Harry grinned. “Sorry. I just...I was thinking about setting up my shop up there,” he explained, rather in a rush.
“Your shop?” Bob said. “I was wondering how you planned to make money. What are you selling?”
“Me,” Harry said. That didn’t sound right, so he clarified with “my services.” That sounded even worse. “As a wizard, I mean.”
“You mean, potions and charms and such?” Bob asked, looking skeptical. “I really don’t think yours are so first rate as to be sold, Harry, if I remember correctly.”
Harry grinned again. “Thanks Bob. But I was thinking more...my help, you know?” he explained. “People run into supernatural trouble all the time. Normal people, people without magic. When I was traveling, I saw it everywhere. That’s how I got money to keep going, a lot of the time. By helping people out.”
“And you think that people are just going to show up at your door, begging for help?” Bob asked.
“Well, I’ll have to get the word out first,” Harry said. “You know, advertise.”

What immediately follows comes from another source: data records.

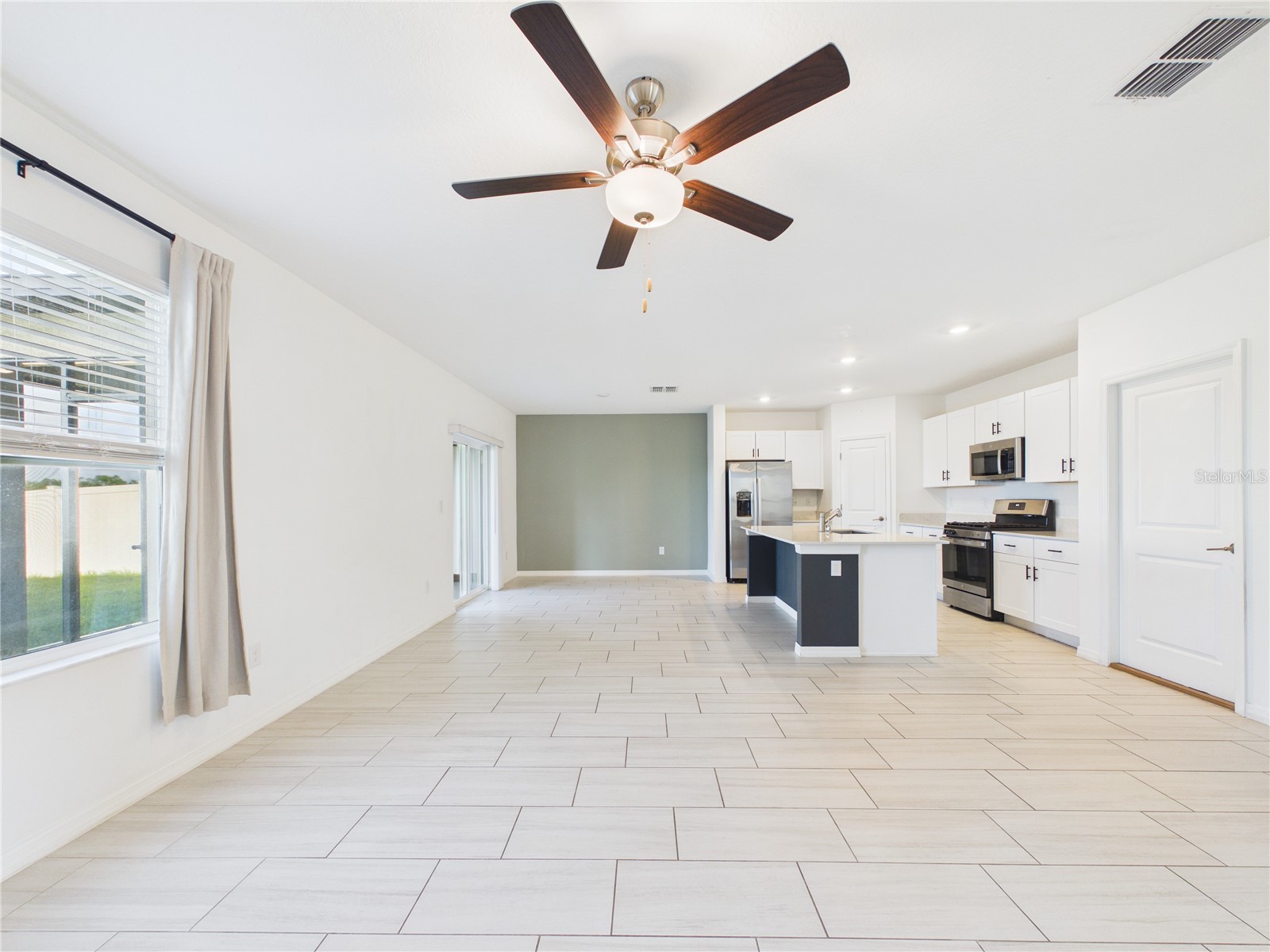 1874 Lanier Road Zephyrhills FL 33541 TB8498433 image8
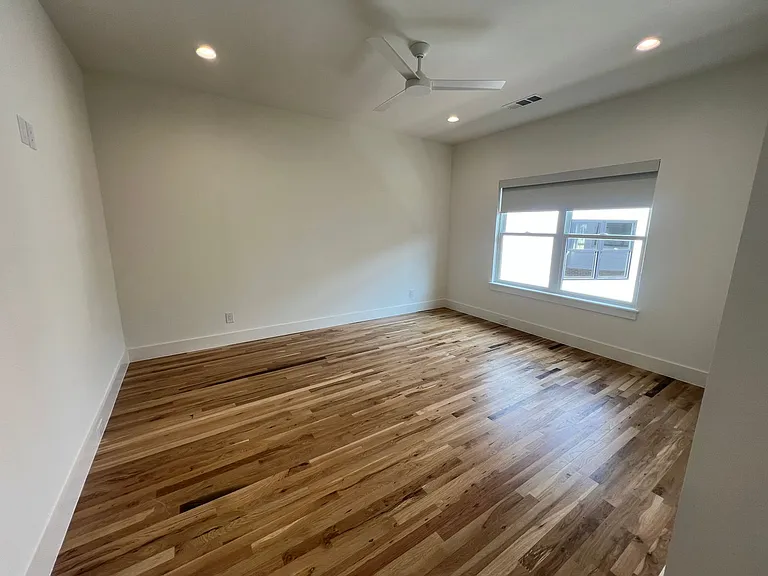 3303 Homer St — Photo 17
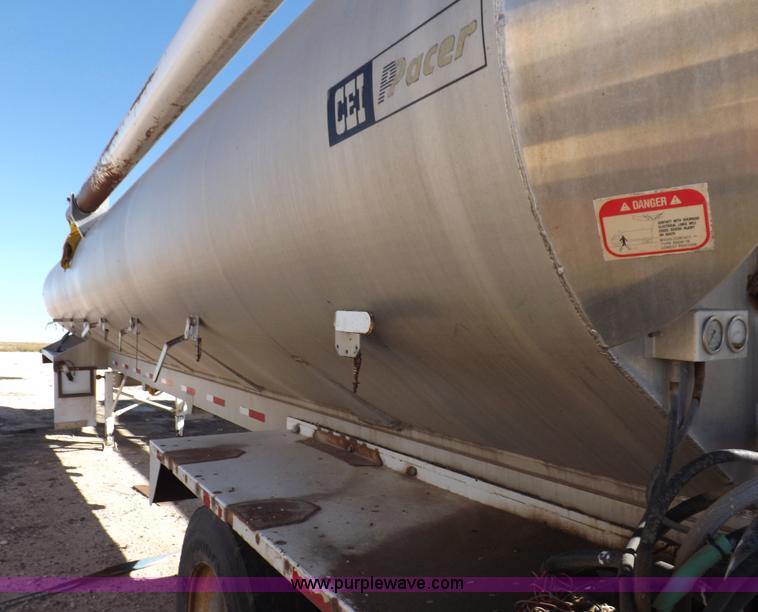 image for item I8396 1995 Pacer feed body trailer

“You can’t march down the street handing out flyers, Harry,” Bob said. “The mundanes aren’t supposed to know about our world.”
“Nobody stopped me when I was travelling,” Harry said.

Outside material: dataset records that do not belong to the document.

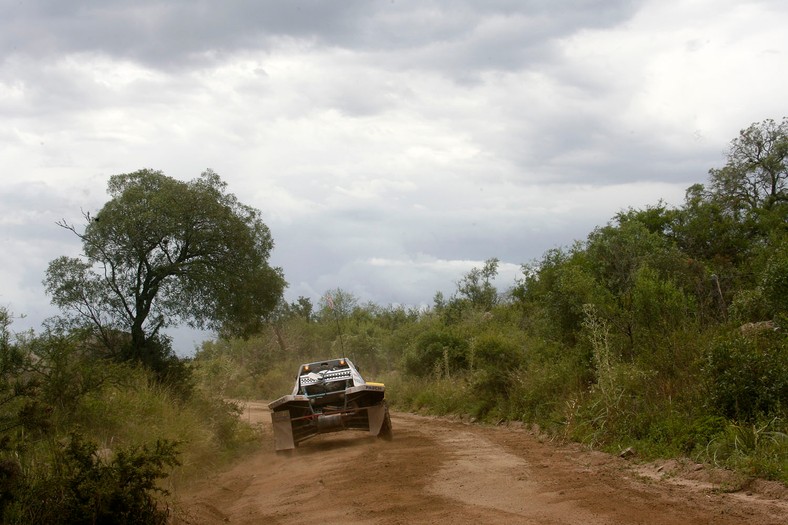 Rajd Dakar 2011: awans Hołowczyca (2.etap, wyniki, fot. Willy Weyens)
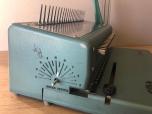 GBC Combo Manual Comb Binding Machine - ITEM #:530013 - Img 3 of 4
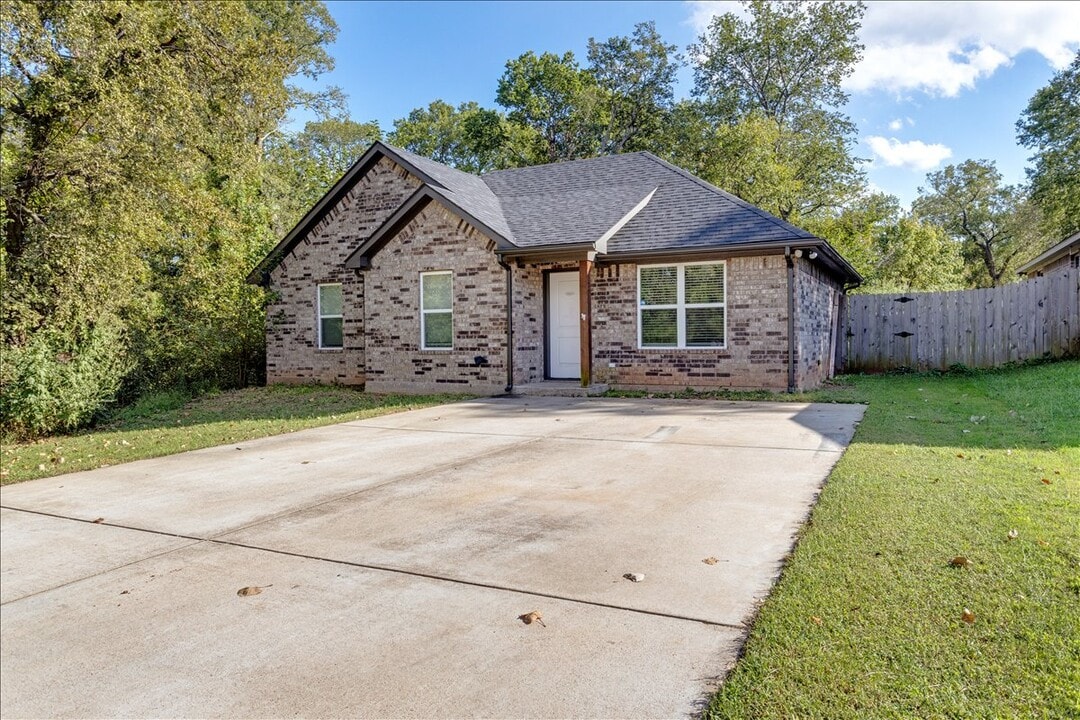 230 E Johnson St in Denison, TX - Building Photo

“It is one thing to run into those in trouble, it’s another to ask that they seek you out,” Bob insisted. “Besides, you were not on the Council’s watchlist back then. Warden Morgan will be keeping a weather eye on you.”
“Well, they could look at it as plausible deniability, really,” Harry said. “I mean, you ask ‘are there such things as wizards?’ and you could say ‘if they were real, would we really let them advertise in the Yellow Pages?’”
“I doubt they’ll find that a persuasive argument,” Bob said, skeptically.
Harry frowned, because he knew that Bob was right and he didn’t want him to be. His uncle hadn’t prepared him for any other job than being a wizard. A rich, snobby, wizard elite with dangerous ideas. He didn’t even have a high school diploma.
“Well, I’ll think about it,” he said, after a moment. He knew he wouldn’t, though. He had his mind made up. This was what he was supposed to do. It might help make up for what he’d done in the past. “Do you like the place, at least? Enough to be happy?”
Bob looked surprised. “Happy?”
“Yes, Bob, it’s a pleasant emotion one experiences when things are to one’s satisfaction,” Harry said, mimicking Bob’s accent. He supposed Bob hadn’t been asked that question often in his years as a ghost. “You know. Happy.”
Bob glared at him a little. “I suppose so. If you have decided this is where you are going to settle down, I have little choice, do I?”
“Sure you do,” Harry said. “That’s why I’m asking.”
Bob looked around the room again. “It will do, Harry.”
“Good.” Harry grinned. “Then, welcome home.”